A loja, de 70 m2 e aberta 24 horas, tem 500 itens. O abastecimento é feito pelo Carrefour.

Antes de ir lá, porém, é preciso baixar o aplicativo e fazer o cadastro, com dados do cartão de crédito no qual a compra será debitada. Assim, além de eliminar caixas, a empresa capta dados do consumidor —como fazem empreendimentos vindos da internet.

 

À esq, entrada do mercado Zaitt; à dir., funcionária separa itens pedidos por aplicativo no Pão de Açúcar

 

“As companhias buscam se adaptar. Mas isso depende da natureza do serviço, do produto, da vocação”, diz Maurício Morgado, que coordena o Centro de Excelência em Varejo da FGV (Fundação Getúlio Vargas).

Dono de um laboratório de inovação, o Magazine Luiza é referência de transformação digital. “Começamos a entender processos da loja e reescrevê-los de forma digital para ganhar eficiência”, diz André Fatala, diretor de tecnologia. Com isso, uma compra que durava até 40 minutos leva 4 —realizada, muitas vezes, no celular do vendedor.

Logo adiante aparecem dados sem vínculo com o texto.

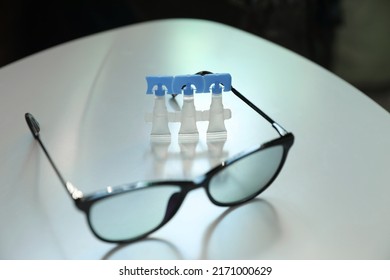 Single Dose Eye Drops And Glasses On White Table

Enquanto compram, 77% dos clientes do Grupo Pão de Açúcar utilizam o celular. Deles, 67% usam os aplicativos Pão de Açúcar Mais e Clube Extra que, juntos, têm 9,3 milhões de downloads. Com eles, é possível reservar lugar na fila e encontrar ofertas de acordo com o histórico de consumo.

De olho nesse público, o grupo comprou a James Delivery, startup de entregas.

A companhia investe ainda em outros formatos de compra. Disponível em duas unidades, o pré-scanning é um sistema em que o funcionário faz o registro de itens com um leitor, gera um código de pagamento e direciona o cliente para o caixa mais vazio.

Com previsão de estreia até o fim do ano, outra tecnologia permitirá ao cliente escanear o código de barras e fechar compra no aplicativo, usando um código QR para sair.

A leitura de código também foi parar em uma loja multimarcas do shopping Cidade Jardim. Nela, um totem exibe itens que não estão nas araras e dá a chance de pagar com código QR, lido pelo aplicativo CJFashion.

Esse é também o nome do ecommerce do grupo, inaugurado há menos de um ano, que reúne 40 mil produtos de 300 marcas.

“Com a experiência, ajudamos os lojistas a criar a grade de produtos”, diz Thiago Alonso, diretor-executivo do Cidade Jardim.

No caminho inverso, a Mobly, loja online de móveis e decoração, inaugurou seu primeiro espaço físico, com 4.500 m2, em São Paulo, um investimento de R$ 6,5 milhões.

Mesmo crescendo 30% ao ano, a marca, como outras que nasceram na internet, investiu no offline. “Varejistas online dos EUA perceberam que se levassem tecnologia e análise às lojas teriam performance maior”, diz João Baccarin, diretor de marketing.

A sensação de segurança ao comprar está envolvida na criação do espaço físico. “O brasileiro só acredita vendo”, diz Sylvia Ferrari, que em novembro vai lançar, no shopping Parque da Cidade, a E-Live, galeria em que empresas online vão mostrar seu trabalho. Ela e os sócios são publicitários que estudam o comportamento do consumidor.

O espaço reunirá 30 ecommerces, de vinhos a pets, que vão usar realidade aumentada para mostrar os produtos, vendidos online. As marcas ficam por três meses.

Pioneira, a loja de roupas Amaro decidiu, há quatro anos, “colher clientes offline”. Assim nasceram as guide shops da marca, em que você experimenta, compra por totens e pode receber em São Paulo em duas horas.

Entre os 16 endereços, alguns têm recursos como ajuste de luz para que se saiba como a roupa fica em diferentes iluminações.

Com dez anos de existência, o site de eletrônicos e eletrodomésticos Girafa abriu há três meses um quiosque no shopping Market Place onde é possível fazer a compra.

“Ter proximidade ajuda na construção da marca. A gente tem feedbacks mais claros”, diz Marcelo Volpe, diretor-executivo da marca, que pretende abrir mais dez quiosques.